> **MATERIAL FOR THIS EXERCISE**:
★ ★ ★ ★

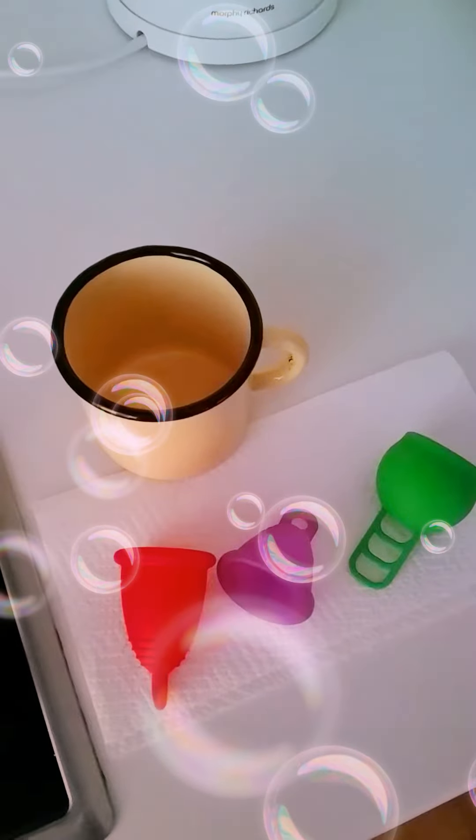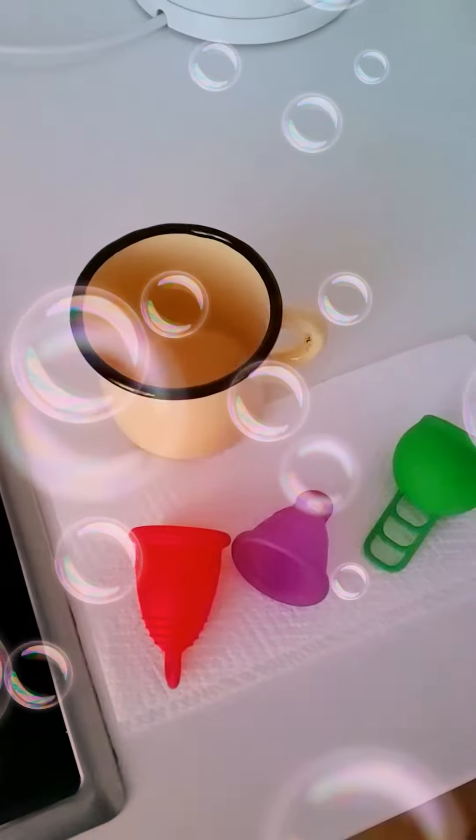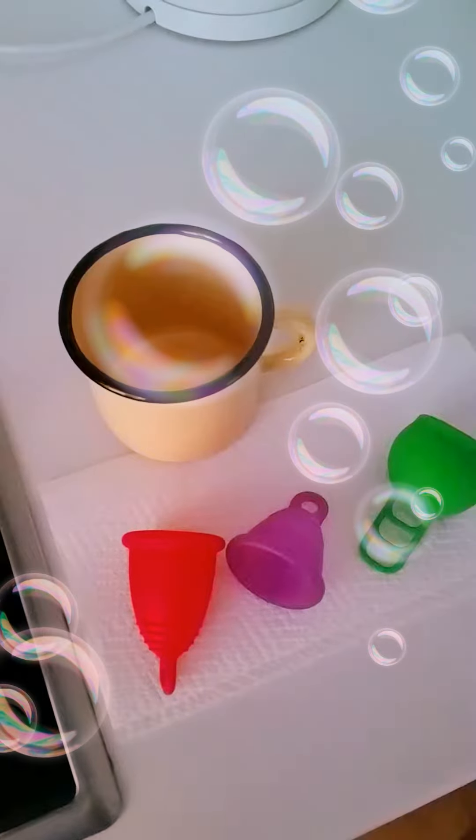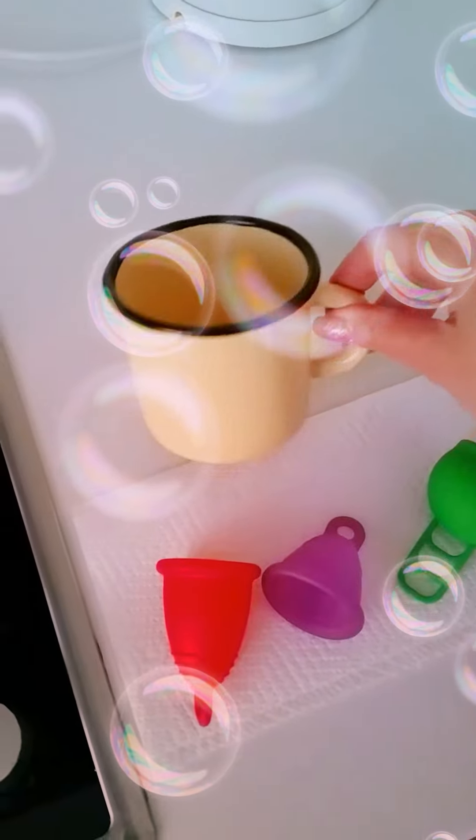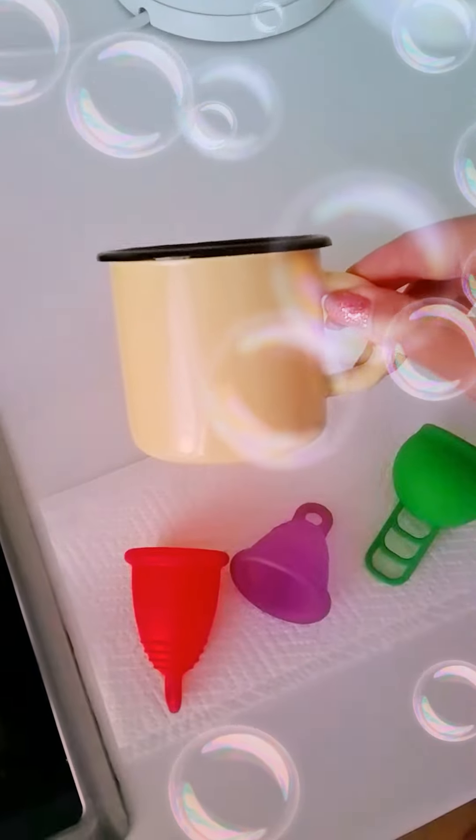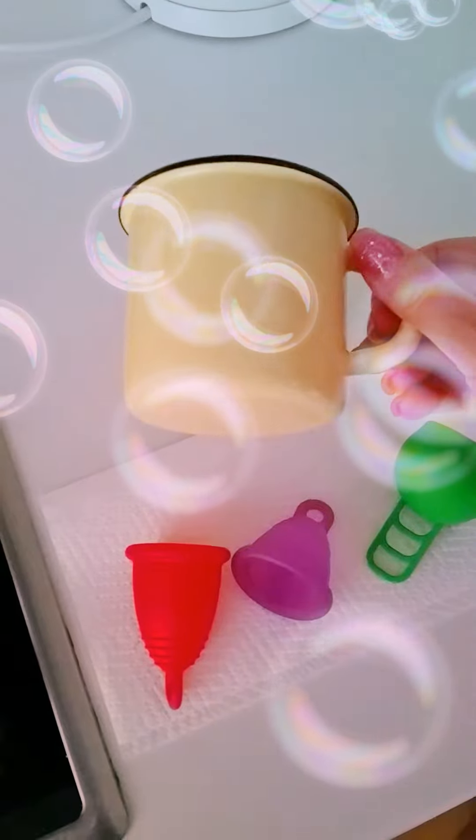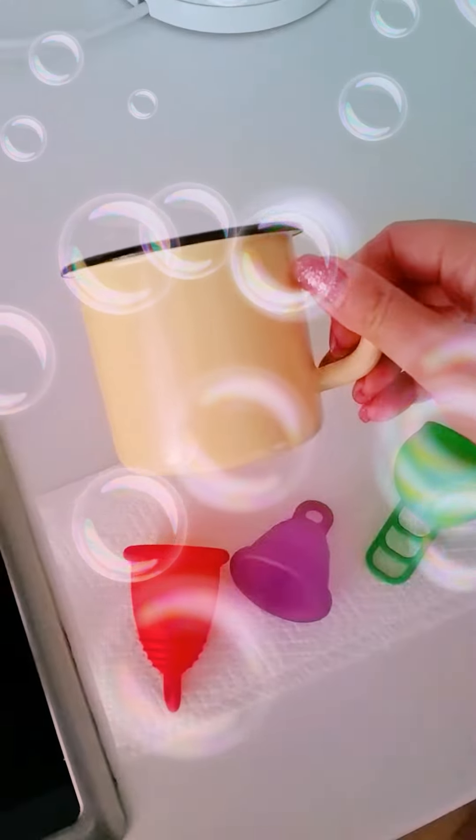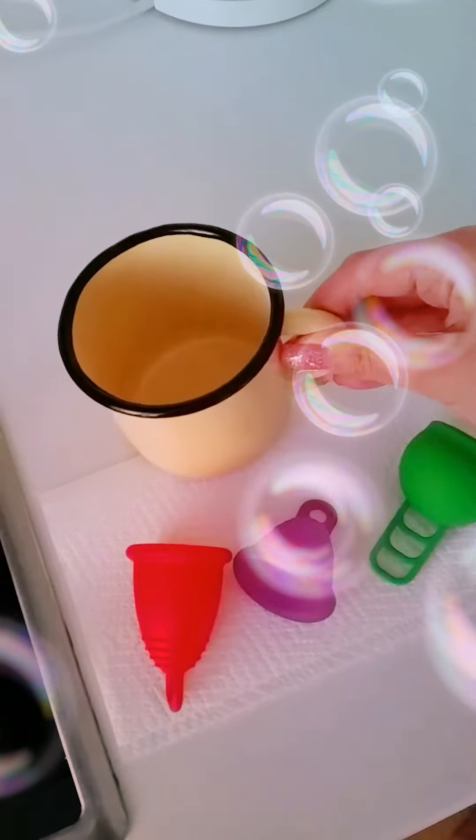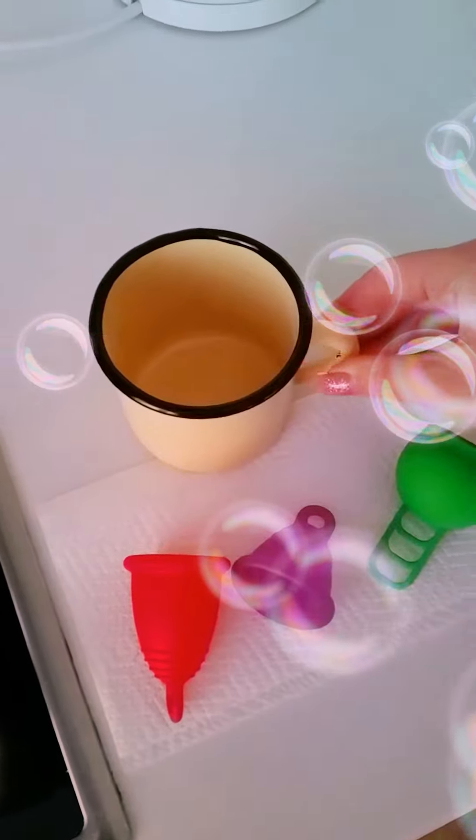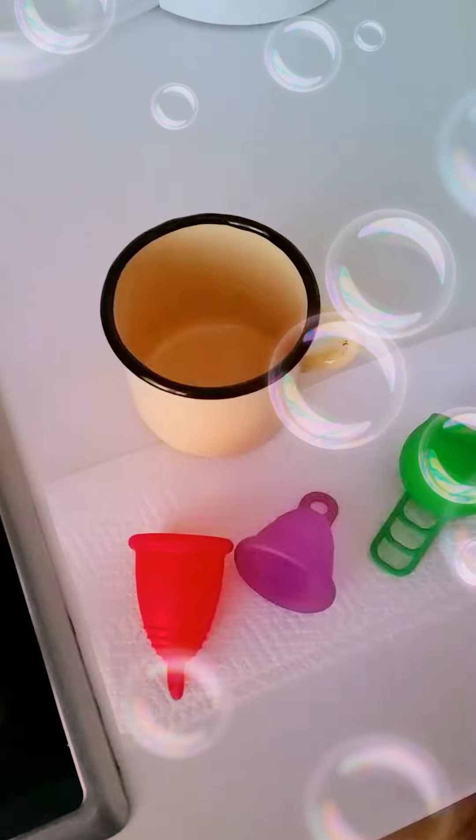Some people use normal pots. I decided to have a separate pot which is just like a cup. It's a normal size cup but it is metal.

★ ★ ★ ★

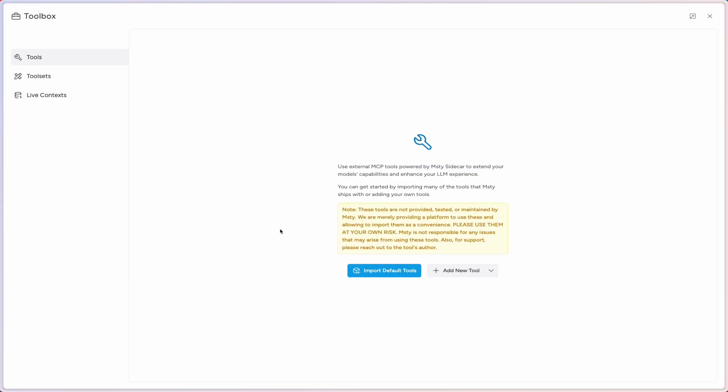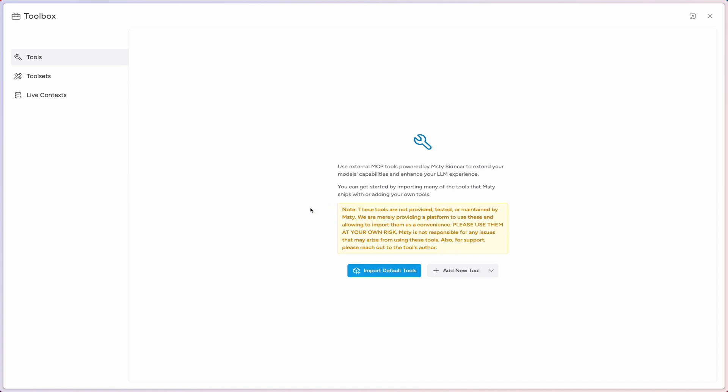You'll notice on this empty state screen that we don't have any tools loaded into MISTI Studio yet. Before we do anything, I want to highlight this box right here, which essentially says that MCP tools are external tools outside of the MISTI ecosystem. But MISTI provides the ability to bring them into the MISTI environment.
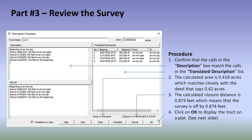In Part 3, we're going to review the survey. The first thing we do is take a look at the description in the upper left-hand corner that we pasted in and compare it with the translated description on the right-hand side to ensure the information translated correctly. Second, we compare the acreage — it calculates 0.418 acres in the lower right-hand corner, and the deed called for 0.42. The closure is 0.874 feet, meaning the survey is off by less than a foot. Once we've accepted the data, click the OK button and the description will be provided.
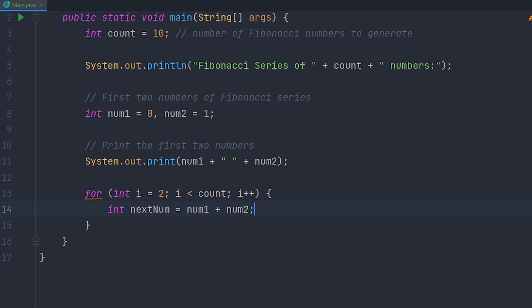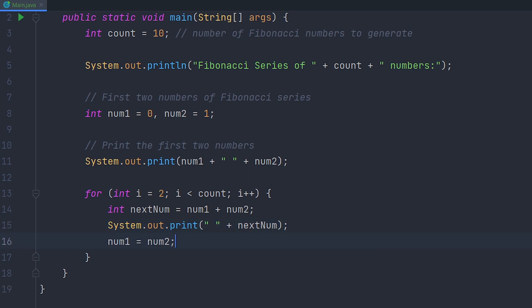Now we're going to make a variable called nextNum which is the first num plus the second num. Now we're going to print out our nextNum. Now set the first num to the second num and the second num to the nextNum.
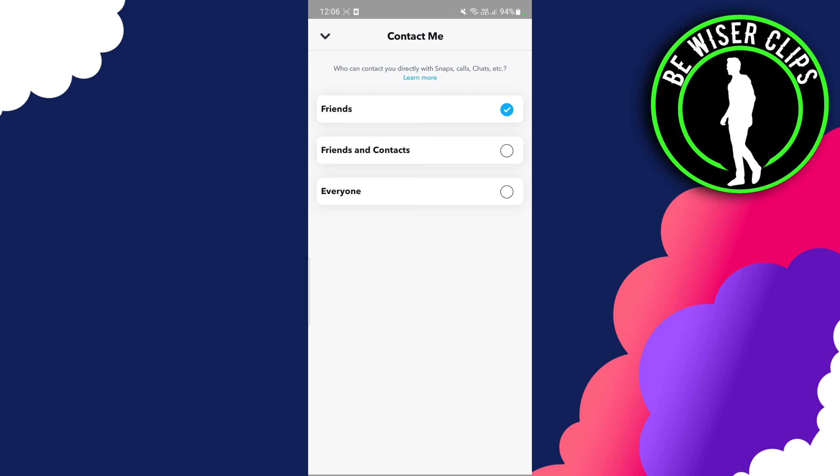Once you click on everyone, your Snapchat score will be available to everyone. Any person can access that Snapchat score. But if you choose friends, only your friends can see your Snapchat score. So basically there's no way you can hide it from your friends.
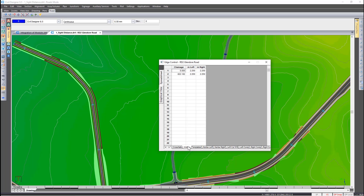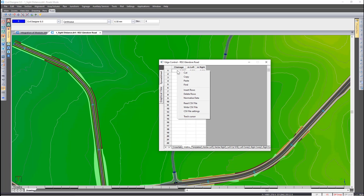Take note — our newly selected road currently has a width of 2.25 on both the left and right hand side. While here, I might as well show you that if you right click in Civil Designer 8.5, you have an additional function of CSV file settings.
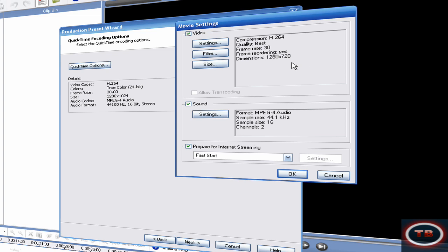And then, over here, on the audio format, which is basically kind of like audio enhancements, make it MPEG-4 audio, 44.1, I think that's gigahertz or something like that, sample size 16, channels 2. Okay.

★ ★ ★ ★

> **THE PROBLEM**: Exact copy, pictures excluded: from the line with "In Part 3, we're" up to and including the line with "Once you click" in the data above.

> **EXERCISE RESULT**:
In Part 3, we're going to review the survey. The first thing we do is take a look at the description in the upper left-hand corner that we pasted in and compare it with the translated description on the right-hand side to ensure the information translated correctly. Second, we compare the acreage — it calculates 0.418 acres in the lower right-hand corner, and the deed called for 0.42. The closure is 0.874 feet, meaning the survey is off by less than a foot. Once we've accepted the data, click the OK button and the description will be provided.
Now we're going to make a variable called nextNum which is the first num plus the second num. Now we're going to print out our nextNum. Now set the first num to the second num and the second num to the nextNum.
Once you click on everyone, your Snapchat score will be available to everyone. Any person can access that Snapchat score. But if you choose friends, only your friends can see your Snapchat score. So basically there's no way you can hide it from your friends.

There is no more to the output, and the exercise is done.